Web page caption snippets
※ ※ ※

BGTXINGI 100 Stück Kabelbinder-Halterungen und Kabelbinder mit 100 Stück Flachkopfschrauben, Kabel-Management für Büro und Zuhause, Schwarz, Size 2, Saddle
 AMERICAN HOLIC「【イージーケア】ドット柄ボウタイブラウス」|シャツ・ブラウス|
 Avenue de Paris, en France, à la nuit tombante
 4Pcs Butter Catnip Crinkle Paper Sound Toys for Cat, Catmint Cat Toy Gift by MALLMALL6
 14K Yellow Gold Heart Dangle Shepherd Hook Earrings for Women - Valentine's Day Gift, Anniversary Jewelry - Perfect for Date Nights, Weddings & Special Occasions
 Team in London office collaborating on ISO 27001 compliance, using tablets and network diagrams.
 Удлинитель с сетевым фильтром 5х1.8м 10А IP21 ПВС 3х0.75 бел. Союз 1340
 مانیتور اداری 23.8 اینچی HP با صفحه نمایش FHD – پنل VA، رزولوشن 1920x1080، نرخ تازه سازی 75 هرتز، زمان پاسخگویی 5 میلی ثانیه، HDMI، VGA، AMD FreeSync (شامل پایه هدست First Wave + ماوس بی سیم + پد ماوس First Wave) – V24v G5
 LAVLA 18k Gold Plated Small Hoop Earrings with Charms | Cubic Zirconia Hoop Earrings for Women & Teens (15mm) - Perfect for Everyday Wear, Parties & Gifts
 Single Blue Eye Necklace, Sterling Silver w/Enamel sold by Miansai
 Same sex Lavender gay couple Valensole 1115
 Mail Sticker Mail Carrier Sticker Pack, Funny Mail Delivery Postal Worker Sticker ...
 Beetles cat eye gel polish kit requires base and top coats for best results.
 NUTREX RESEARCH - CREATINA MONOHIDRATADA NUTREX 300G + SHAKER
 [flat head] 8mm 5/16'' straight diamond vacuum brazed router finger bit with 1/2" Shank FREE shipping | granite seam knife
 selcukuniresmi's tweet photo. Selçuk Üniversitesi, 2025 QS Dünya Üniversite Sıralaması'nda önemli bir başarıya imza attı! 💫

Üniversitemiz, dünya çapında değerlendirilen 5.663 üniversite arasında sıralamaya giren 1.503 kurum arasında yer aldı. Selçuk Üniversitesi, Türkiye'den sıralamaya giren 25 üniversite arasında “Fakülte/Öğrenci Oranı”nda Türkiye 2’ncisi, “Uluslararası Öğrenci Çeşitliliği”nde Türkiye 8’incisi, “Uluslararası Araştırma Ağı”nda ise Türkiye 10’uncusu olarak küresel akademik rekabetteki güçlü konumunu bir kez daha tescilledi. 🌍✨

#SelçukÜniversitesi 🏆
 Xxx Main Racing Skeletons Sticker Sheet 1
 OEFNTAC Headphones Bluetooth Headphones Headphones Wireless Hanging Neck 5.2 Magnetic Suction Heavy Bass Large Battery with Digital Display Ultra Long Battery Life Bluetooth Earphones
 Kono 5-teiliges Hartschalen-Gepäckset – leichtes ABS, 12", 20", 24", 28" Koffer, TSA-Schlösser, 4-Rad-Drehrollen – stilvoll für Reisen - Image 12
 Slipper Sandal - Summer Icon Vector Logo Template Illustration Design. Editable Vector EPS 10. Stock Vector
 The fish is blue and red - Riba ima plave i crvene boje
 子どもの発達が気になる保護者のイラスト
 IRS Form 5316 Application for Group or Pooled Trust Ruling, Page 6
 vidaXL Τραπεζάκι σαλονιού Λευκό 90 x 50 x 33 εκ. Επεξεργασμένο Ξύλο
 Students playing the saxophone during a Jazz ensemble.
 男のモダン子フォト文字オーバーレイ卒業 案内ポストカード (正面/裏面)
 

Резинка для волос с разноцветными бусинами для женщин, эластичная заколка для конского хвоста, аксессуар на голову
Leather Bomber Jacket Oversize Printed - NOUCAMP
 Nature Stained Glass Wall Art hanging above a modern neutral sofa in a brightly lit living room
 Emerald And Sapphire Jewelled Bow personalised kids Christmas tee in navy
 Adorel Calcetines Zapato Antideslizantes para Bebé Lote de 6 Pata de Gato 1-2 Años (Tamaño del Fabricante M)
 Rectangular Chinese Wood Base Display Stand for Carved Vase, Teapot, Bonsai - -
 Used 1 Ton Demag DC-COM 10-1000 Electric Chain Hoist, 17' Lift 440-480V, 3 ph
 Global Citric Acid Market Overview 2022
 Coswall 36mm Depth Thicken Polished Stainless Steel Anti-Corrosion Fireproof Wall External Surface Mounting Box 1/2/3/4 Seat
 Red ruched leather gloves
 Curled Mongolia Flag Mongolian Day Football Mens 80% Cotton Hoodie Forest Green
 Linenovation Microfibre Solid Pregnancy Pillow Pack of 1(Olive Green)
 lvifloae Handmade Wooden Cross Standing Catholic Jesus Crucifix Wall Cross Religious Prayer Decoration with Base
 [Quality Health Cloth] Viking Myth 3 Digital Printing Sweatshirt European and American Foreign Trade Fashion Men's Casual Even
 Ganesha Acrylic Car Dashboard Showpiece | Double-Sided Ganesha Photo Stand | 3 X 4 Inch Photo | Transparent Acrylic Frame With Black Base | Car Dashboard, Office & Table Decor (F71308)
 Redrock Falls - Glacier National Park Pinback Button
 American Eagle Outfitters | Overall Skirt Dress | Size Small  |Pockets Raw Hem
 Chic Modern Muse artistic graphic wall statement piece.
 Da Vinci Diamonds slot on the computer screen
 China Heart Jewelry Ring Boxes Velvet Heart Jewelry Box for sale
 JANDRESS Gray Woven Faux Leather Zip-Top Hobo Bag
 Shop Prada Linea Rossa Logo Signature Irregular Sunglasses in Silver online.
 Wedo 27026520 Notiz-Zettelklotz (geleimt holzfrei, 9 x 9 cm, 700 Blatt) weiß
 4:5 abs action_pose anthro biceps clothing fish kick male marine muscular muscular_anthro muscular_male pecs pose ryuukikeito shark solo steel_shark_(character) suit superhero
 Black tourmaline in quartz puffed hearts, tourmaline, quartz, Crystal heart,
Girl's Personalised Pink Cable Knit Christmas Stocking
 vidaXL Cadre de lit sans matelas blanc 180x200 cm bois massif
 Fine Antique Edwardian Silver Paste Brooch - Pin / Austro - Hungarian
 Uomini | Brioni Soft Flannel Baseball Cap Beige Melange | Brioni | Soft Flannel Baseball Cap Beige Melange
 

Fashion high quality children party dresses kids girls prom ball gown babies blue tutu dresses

※ ※ ※

*TRY IT*:
Write out, from the lines above, only those from the line with "子どもの発達が気になる保護者のイラスト" to the line with "American Eagle Outfitters", exactly as given, including the first and the last.

*RESULT OF THE TASK*:
 子どもの発達が気になる保護者のイラスト
 IRS Form 5316 Application for Group or Pooled Trust Ruling, Page 6
 vidaXL Τραπεζάκι σαλονιού Λευκό 90 x 50 x 33 εκ. Επεξεργασμένο Ξύλο
 Students playing the saxophone during a Jazz ensemble.
 男のモダン子フォト文字オーバーレイ卒業 案内ポストカード (正面/裏面)
 

Резинка для волос с разноцветными бусинами для женщин, эластичная заколка для конского хвоста, аксессуар на голову
Leather Bomber Jacket Oversize Printed - NOUCAMP
 Nature Stained Glass Wall Art hanging above a modern neutral sofa in a brightly lit living room
 Emerald And Sapphire Jewelled Bow personalised kids Christmas tee in navy
 Adorel Calcetines Zapato Antideslizantes para Bebé Lote de 6 Pata de Gato 1-2 Años (Tamaño del Fabricante M)
 Rectangular Chinese Wood Base Display Stand for Carved Vase, Teapot, Bonsai - -
 Used 1 Ton Demag DC-COM 10-1000 Electric Chain Hoist, 17' Lift 440-480V, 3 ph
 Global Citric Acid Market Overview 2022
 Coswall 36mm Depth Thicken Polished Stainless Steel Anti-Corrosion Fireproof Wall External Surface Mounting Box 1/2/3/4 Seat
 Red ruched leather gloves
 Curled Mongolia Flag Mongolian Day Football Mens 80% Cotton Hoodie Forest Green
 Linenovation Microfibre Solid Pregnancy Pillow Pack of 1(Olive Green)
 lvifloae Handmade Wooden Cross Standing Catholic Jesus Crucifix Wall Cross Religious Prayer Decoration with Base
 [Quality Health Cloth] Viking Myth 3 Digital Printing Sweatshirt European and American Foreign Trade Fashion Men's Casual Even
 Ganesha Acrylic Car Dashboard Showpiece | Double-Sided Ganesha Photo Stand | 3 X 4 Inch Photo | Transparent Acrylic Frame With Black Base | Car Dashboard, Office & Table Decor (F71308)
 Redrock Falls - Glacier National Park Pinback Button
 American Eagle Outfitters | Overall Skirt Dress | Size Small  |Pockets Raw Hem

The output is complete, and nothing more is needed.